Device bricked ("csum err") after two months of service

PanicanWhyasker
Posts: 37
Joined: Sun Jan 06, 2019 12:42 pm

Device bricked ("csum err") after two months of service

Postby PanicanWhyasker » Tue Apr 30, 2019 5:18 am

Hi,

I need some help to debug an issue which I presume happens when the ROM bootloader tries to load the flash bootloader:

Code: Select all

ets Jun  8 2016 00:22:57                                                                                                                                                                             
                                                                                                                                                                                                     
rst:0x10 (RTCWDT_RTC_RESET),boot:0x13 (SPI_FAST_FLASH_BOOT)                                                                                                                                          
configsip: 0, SPIWP:0xee                                                                                                                                                                             
clk_drv:0x00,q_drv:0x00,d_drv:0x00,cs0_drv:0x00,hd_drv:0x00,wp_drv:0x00                                                                                                                              
mode:DIO, clock div:2                                                                                                                                                                                
load:0x3fff0018,len:4                                                                                                                                                                                
load:0x3fff001c,len:152                                                                                                                                                                              
load:0x40078000,len:9000                                                                                                                                                                             
load:0x40080400,len:5480                                                                                                                                                                             
csum err:0x9a!=0x89                                                                                                                                                                                  
ets_main.c 371          
This repeats non-stop.
This device got returned by customers after it was used in service for two months without a hitch.

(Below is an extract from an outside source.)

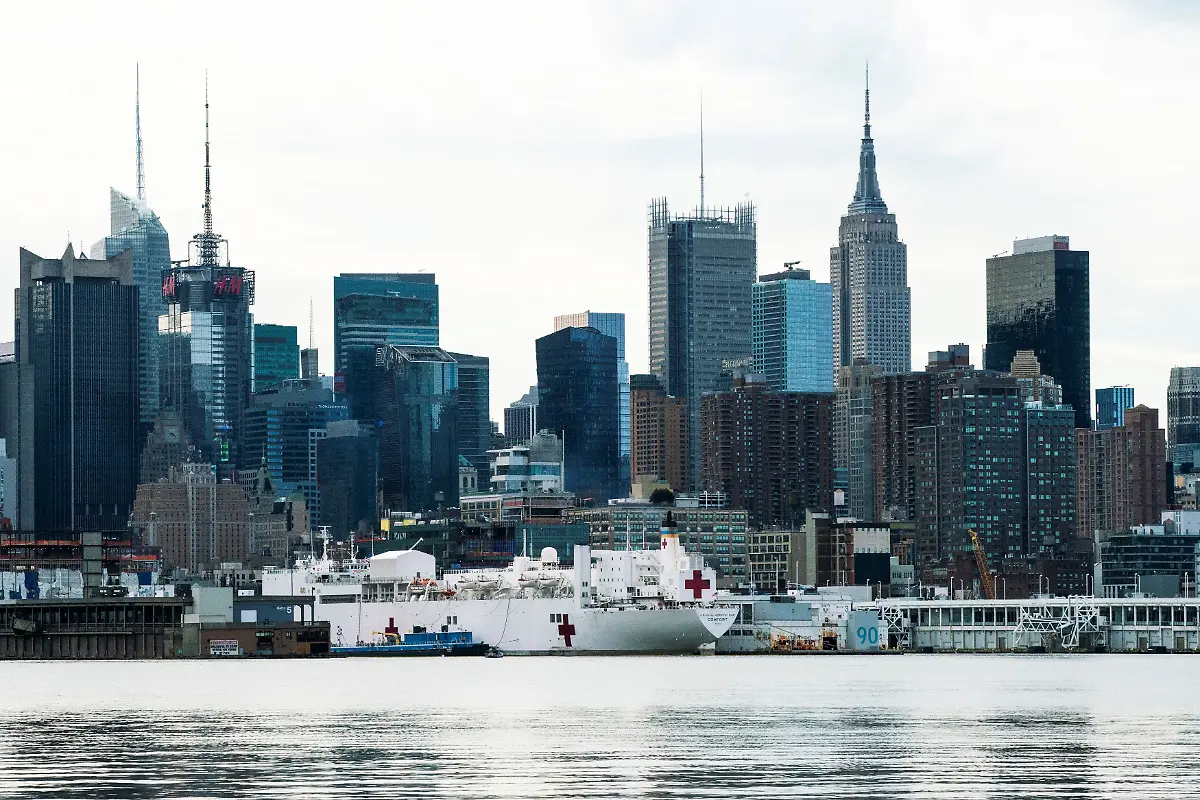 2020-04-07T143750Z-666173090-RC2QZF9OZKWE-RTRMADP-3-HEALTH-CORONAVIRUS-NEW-YORK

It's not a strapping pin issue.
My suspicion is that some of the flash memory got corrupted, but I cannot acknowledge which part. How to interpret the "load" statements?
Which checksum fails?

WiFive
Posts: 2999
Joined: Tue Dec 01, 2015 7:35 am

Re: Device bricked ("csum err") after two months of service

Postby WiFive » Tue Apr 30, 2019 6:17 am

Code: Select all

esptool.py --chip esp32 image_info bootloader.bin

PanicanWhyasker
Posts: 37
Joined: Sun Jan 06, 2019 12:42 pm

Re: Device bricked ("csum err") after two months of service

Postby PanicanWhyasker » Tue Apr 30, 2019 6:55 am

Oh, so the on-flash bootloader is corrupted?

WiFive
Posts: 2999
Joined: Tue Dec 01, 2015 7:35 am

Re: Device bricked ("csum err") after two months of service

Postby WiFive » Tue Apr 30, 2019 7:19 am

Yes probably. Can you dump the flash, or are you using flash encryption?

PanicanWhyasker
Posts: 37
Joined: Sun Jan 06, 2019 12:42 pm

Re: Device bricked ("csum err") after two months of service

Postby PanicanWhyasker » Tue Apr 30, 2019 7:47 am

Using encryption unfortunately.

I had a similar issue with one device which didn't have encryption.
It was behaving funnier, the "csum err" was there, but the computed checksum was different each time.
However it was misconfigured at 80 MHz DIO, so it may be bitslip, so the issues may be completely unrelated.
In the current one the "csum err" is always the same.

What could possibly cause the flash to go corrupt in the bootloader?

ESP_Angus
Posts: 2249
Joined: Sun May 08, 2016 4:11 am

Re: Device bricked ("csum err") after two months of service

Postby ESP_Angus » Tue Apr 30, 2019 11:56 pm

PanicanWhyasker wrote:
Tue Apr 30, 2019 7:47 am
What could possibly cause the flash to go corrupt in the bootloader?
Hi PanicanWhyasker,

It could be that something has erased or written to the flash chip in the bootloader address range. This shouldn't happen (and by default ESP-IDF has some software protections to prevent this happening), but it's not impossible.

It could be that the flash chip is faulty, although this is unlikely.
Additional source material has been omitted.